Naquela ditosa era, instituiu-se concurso para a escolha do melhor nome para o novo clube e o ganhador foi o Padre Joaquim Cesário dos Santos Macêdo. Ele justificou sua sugestão como uma homenagem aos duzentos e cinqüenta anos de fundação da cidade, daí Pentáurea, fusão dos vocábulos “penta” e “áurea”, ou seja, cinco ouros ou, para ser mais específico, cinco bodas de ouro.
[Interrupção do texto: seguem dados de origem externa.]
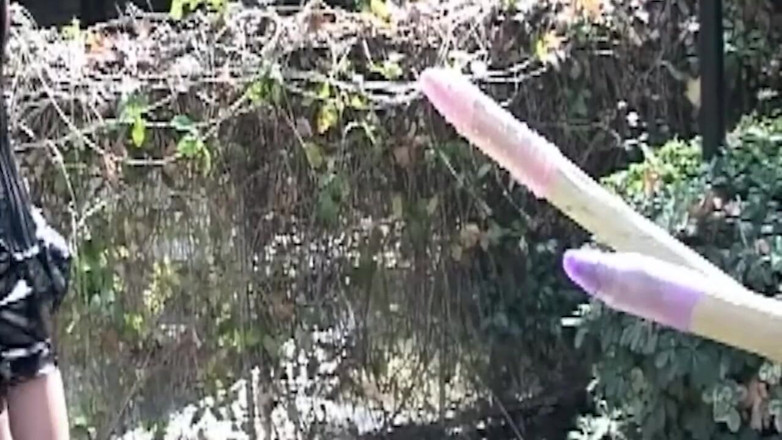 Bangora sluts: Zralá brunetka milfka protažená velkým černým pérem a obrovskými hračkami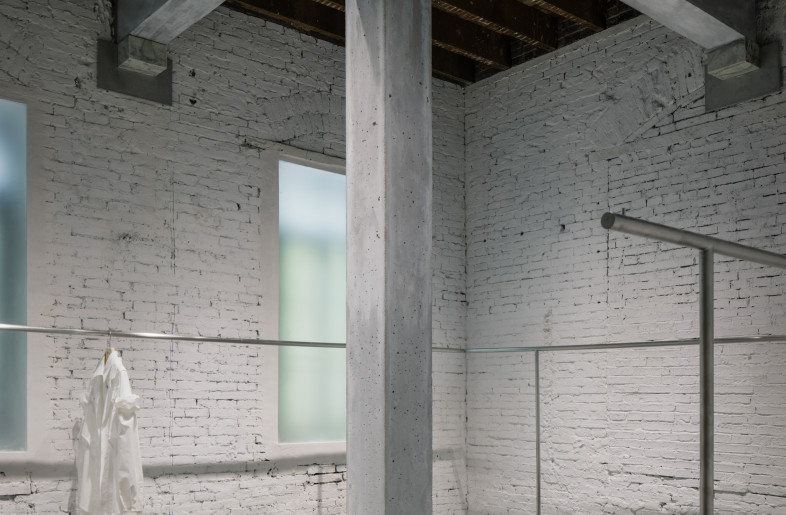 the concrete column as a display table - Wen Studio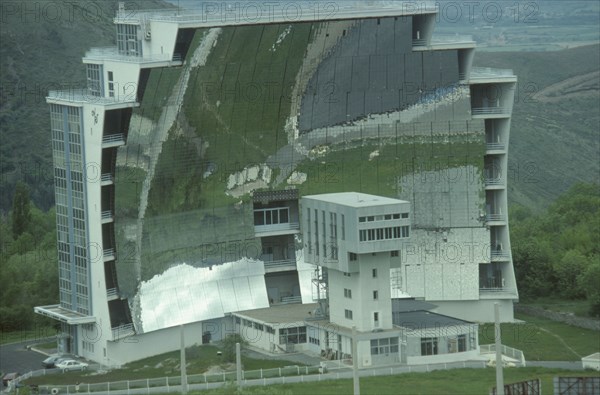 FRANCE, Languedoc Roussillon, Pyrenees Orientales, Odeillo-Via solar power station.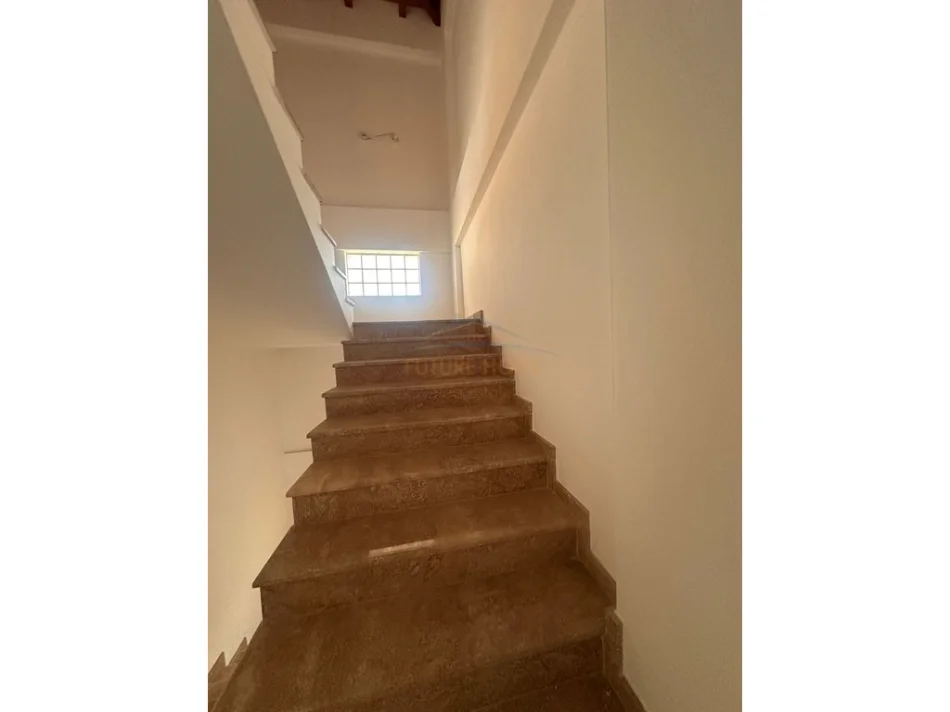 Vlore, jepet me qera Vile Kati 3, 315 m² 760 € (Fabrika e Cimentos)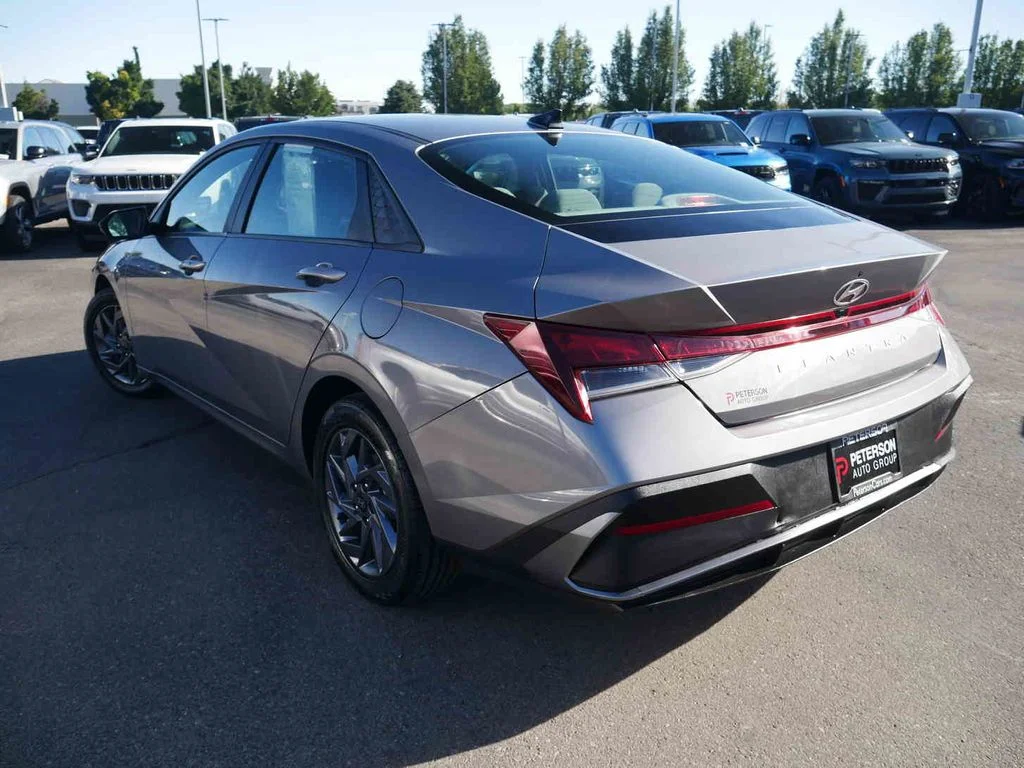 Used 2024 Silver Hyundai SEL image 14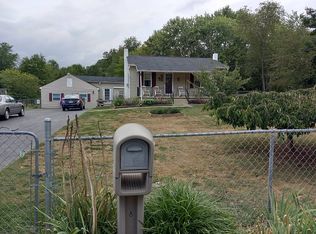 108 Pepper Tree Rd, Falling Waters, WV 25419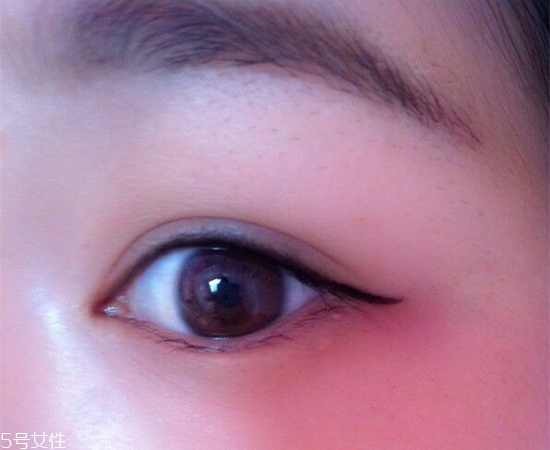 內(nèi)雙怎么畫眼線？內(nèi)雙眼皮畫眼妝技巧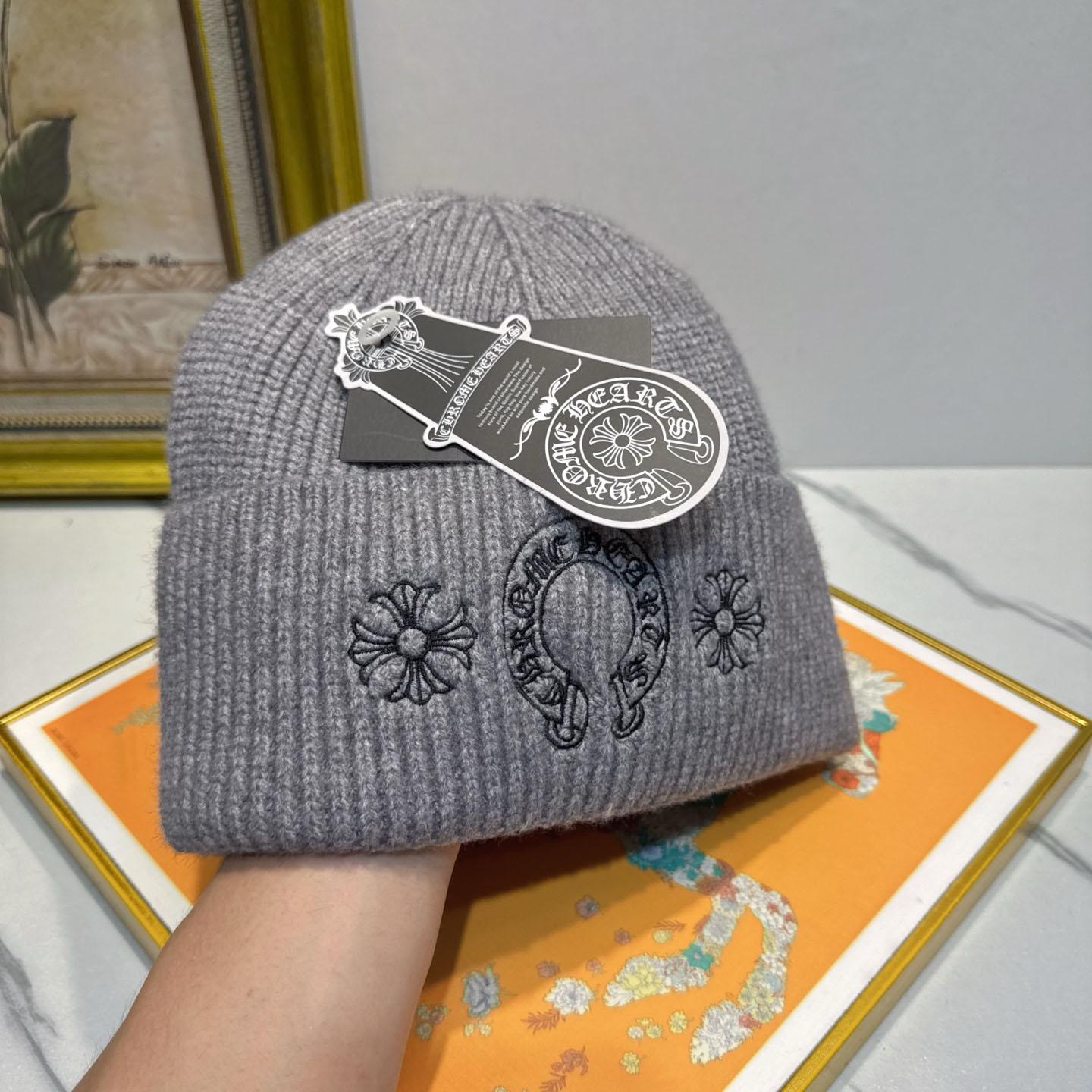 Chrome Hearts Horseshoe Beanie - DesignerGu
A festa de São Pedro do Pentáurea é hoje considerada uma das maiores e mais tradicionais festas juninas do País, cuja fama se espraiou para além das fronteiras das Gerais, atraindo turistas das mais variadas partes.
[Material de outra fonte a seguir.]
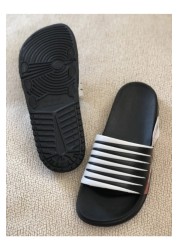 Male Black White Regular Base Luxe Pool Beach Slippers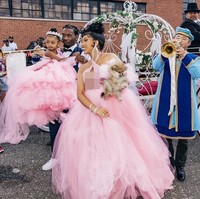 Suasana negeri dongeng sudah dimulai dari pertama kali Kulture dan orangtuanya memasuki area pesta. Mereka datang dengan kereta kuda seperti Cinderella lalu disambut bak keluarga kerajaan. You know the entrance gotta be extra honey!, tulis Cardi. Foto: Instagram Cardi B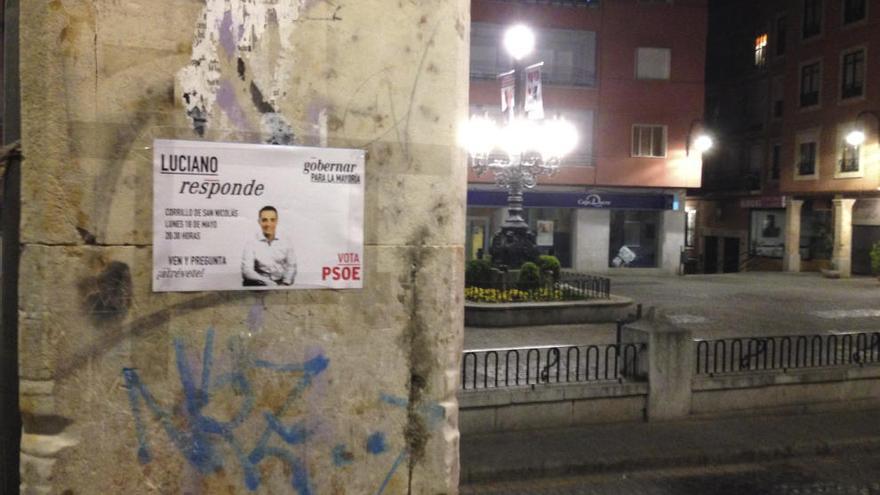 Un cartel electoral del candidato del PSOE a las municipales.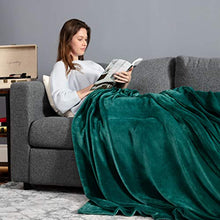 Load image into Gallery viewer, Bedsure Fleece Blanket Queen Size Emerald Green Lightweight Super Soft Cozy Luxury Bed Blanket Microfiber
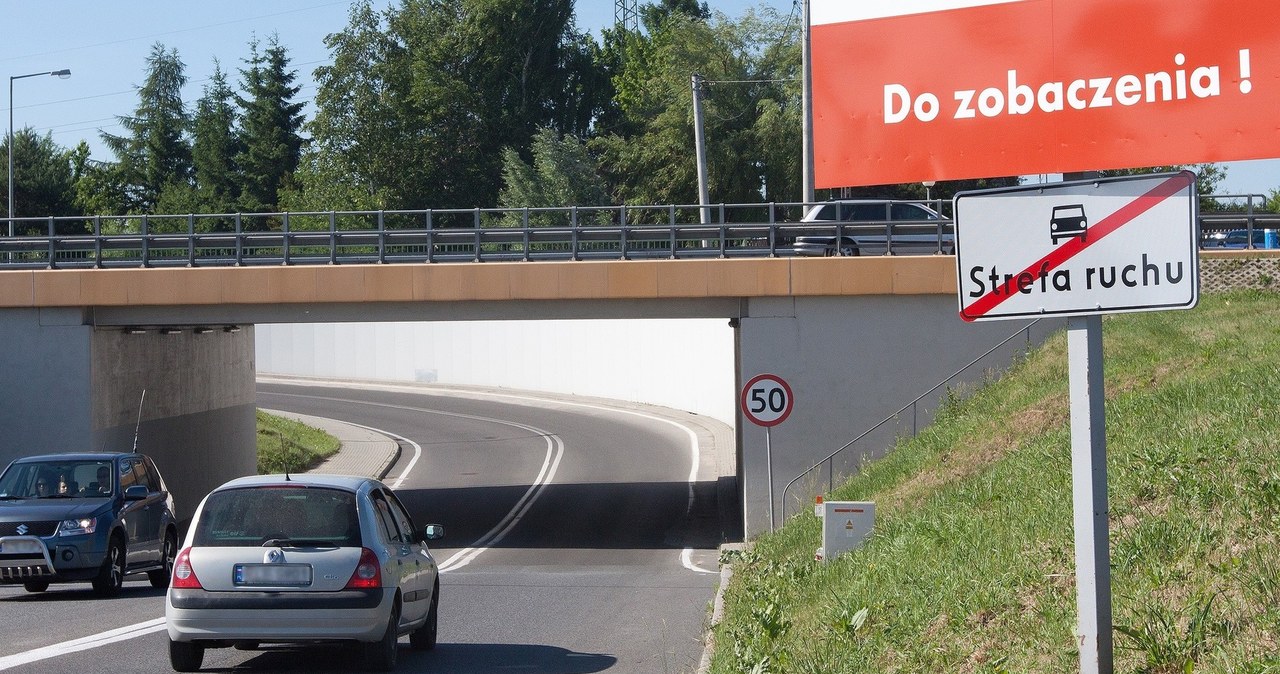 Wielu kierowców nie wie co dokładnie oznacza ten znak /Maciej Goclon /East News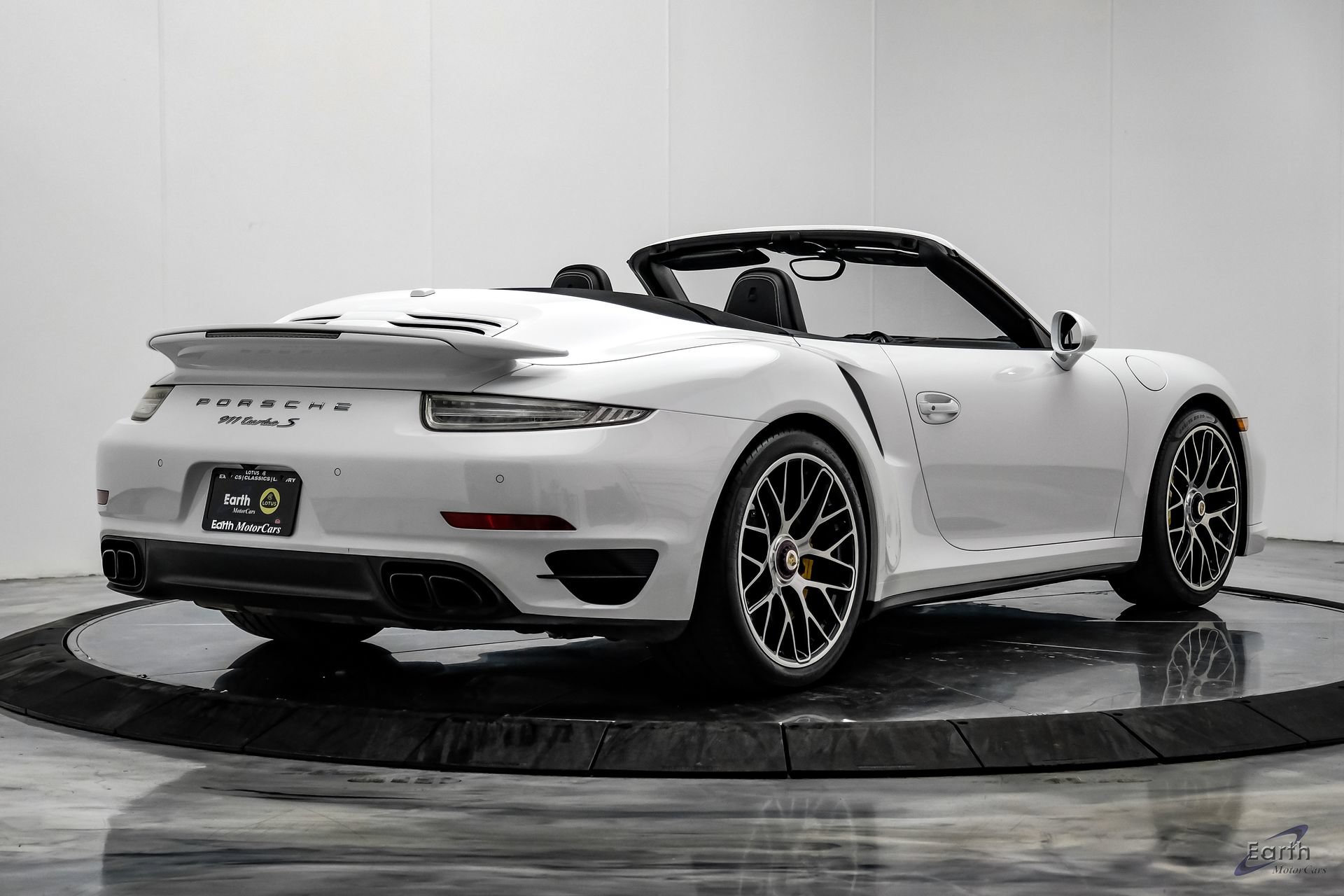 Used 2016 Porsche 911 Turbo S AWD/4WD image 18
Na segunda metade dos anos 80 do século passado, quando era gerente de banco em Montes Claros, fiz parte do Conselho Fiscal do Pentáurea.  E, como é tradição, todos os membros da diretoria e dos conselhos trabalham nessa noite de festa.



Para mim e para o João José Gomes, meu companheiro de Conselho, fora reservada a “importante e estratégica” tarefa de distribuição de guloseimas, em um quiosque coberto de palhas de coqueiro, em frente à sede social. Assim, enquanto o João operava um grande e fumegante bule, servindo quentão aos associados, eu distribuía pé-de-moleque e pipoca...
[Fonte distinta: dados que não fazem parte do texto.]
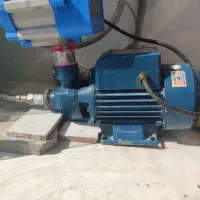 پمپ اب ( دینام) نیم اسب درحد نو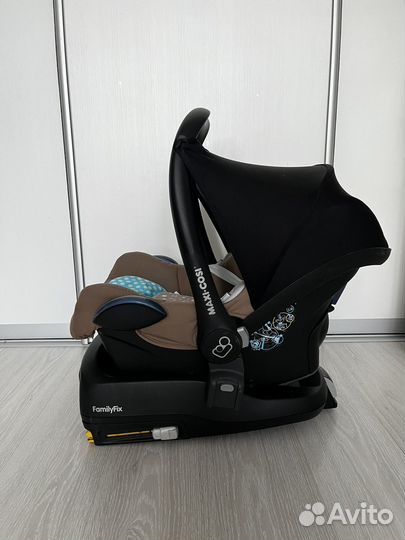 Автолюлька Maxi-cosi Cabriofix с базой isofix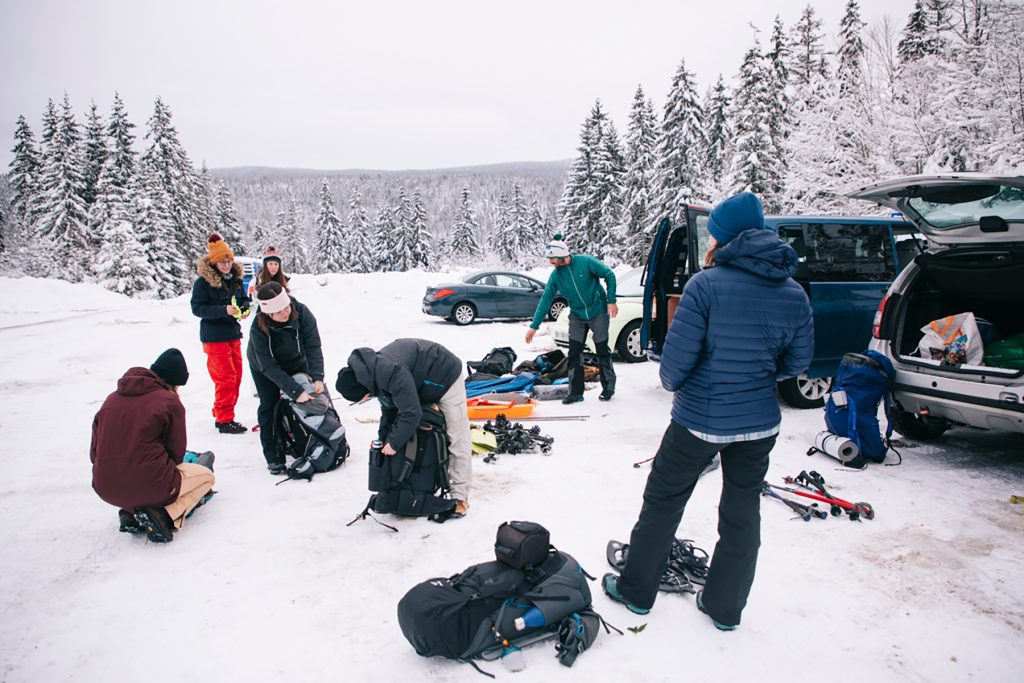 Départ pour une micro-aventure hivernale dans le Jura avec Chilowé. crédit photo : Clara Ferrand - blog Wildroad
Naquela época, só havia um inconveniente na festa: a enorme fila de automóveis e a demora para se chegar ao estacionamento. Mas havia algo compensador, pois se sabia, de antemão, que ali, com certeza, encontraríamos diversos amigos circulando pelas alamedas do clube. Ou comendo arroz com pequi nas barracas. Ou com os porta-malas dos veículos sempre abertos  para receberem os comensais de um pernil assado ou farofa de frango. Ou mesmo degustando um copo de “vaca atolada”, um caldo de feijoada ou  uma dose de cachaça de Salinas, para afugentar o frio cortante no topo da serra de Bocaiúva. Ou dando “vivas” a São João, Santo Antônio e  ao São Pedro, no levantamento do mastro em honra ao padroeiro da festa. Ou namorando nas cercanias da grande fogueira, habilmente construída em formato de torre piramidal, que crepita com estrépito, lançando fagulhas iluminadas que despencam do alto feito estrelas cadentes... A festa era uma oportunidade única de revermos muitos amigos em curto espaço.



Nos últimos anos, todavia, a festa do Pentáurea mudou muito. Ficou grandiosa demais, profissional demais, organizada demais... E os amigos que lá encontrávamos, com facilidade, estão cada vez mais raros.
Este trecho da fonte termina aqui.